— EXERCISE BRIEF —
Only the lines from the one with "PENTHOUSE FOR DOWNTOWN LIVING" through the last line of the data below are to be duplicated, exactly and without pictures.

BEGIN EXTRACTED DATA

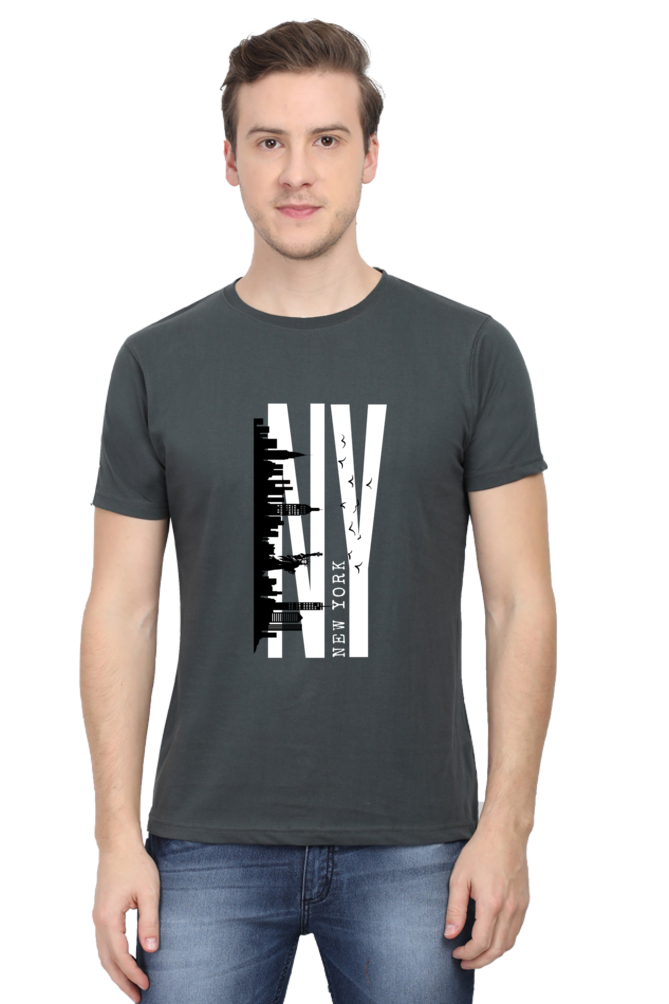 New York Skyline Tshirt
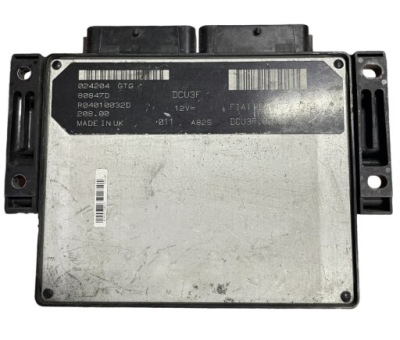 Блок керування fiat punto 1.9 46763751 r04010032d dcu3f.001 фото №1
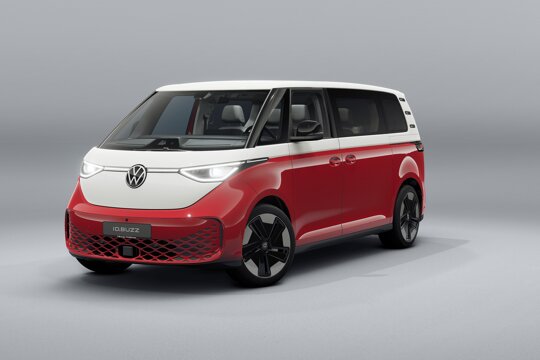 Volkswagen ID. Buzz updated (2)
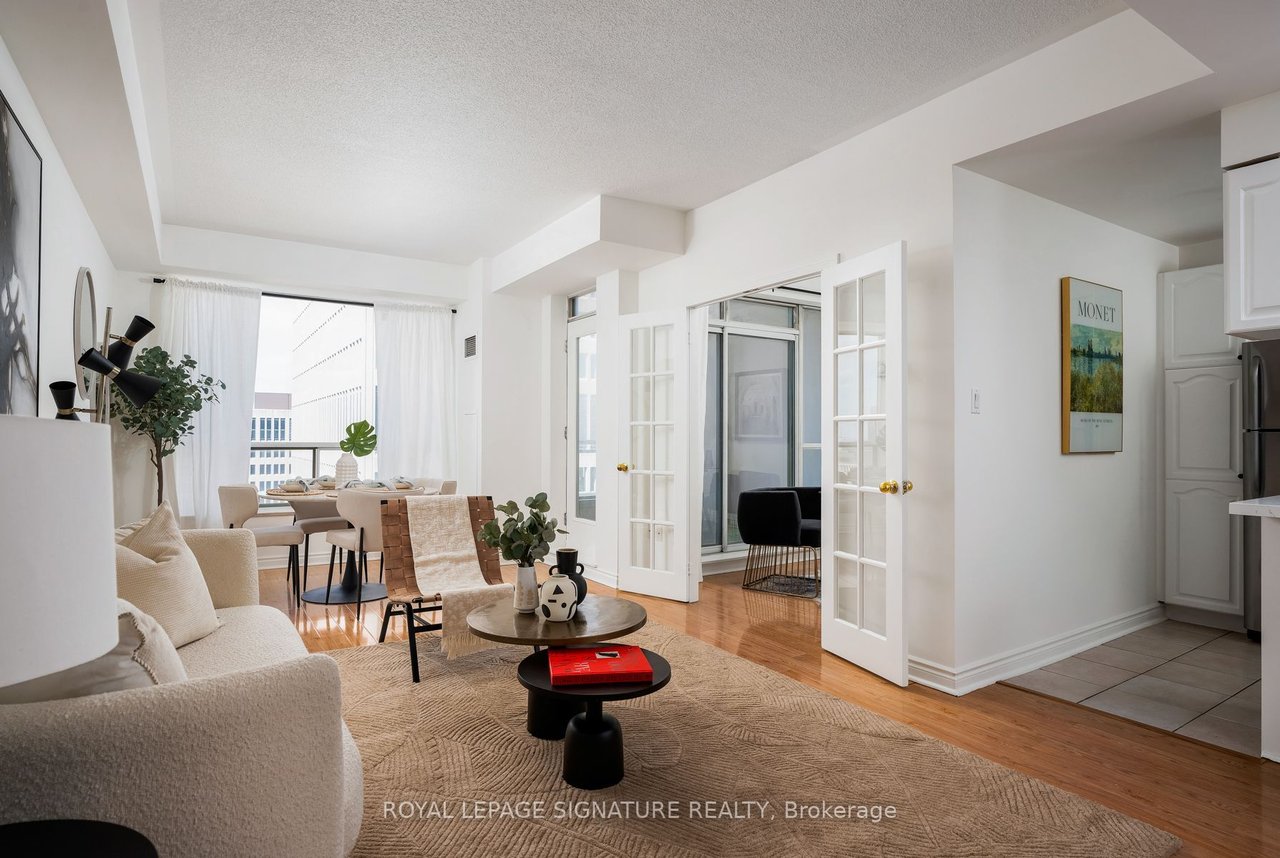 PENTHOUSE FOR DOWNTOWN LIVING 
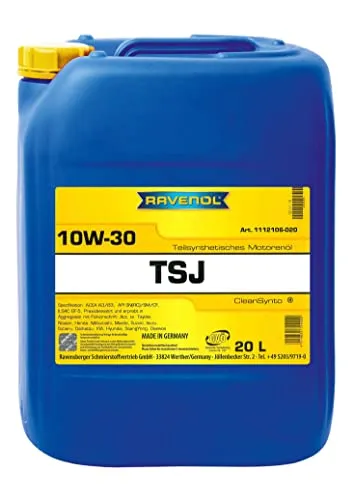 RAVENOL TSJ SAE 10W-30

END EXTRACTED DATA

— ANSWER TO THIS EXERCISE —
 PENTHOUSE FOR DOWNTOWN LIVING 
 RAVENOL TSJ SAE 10W-30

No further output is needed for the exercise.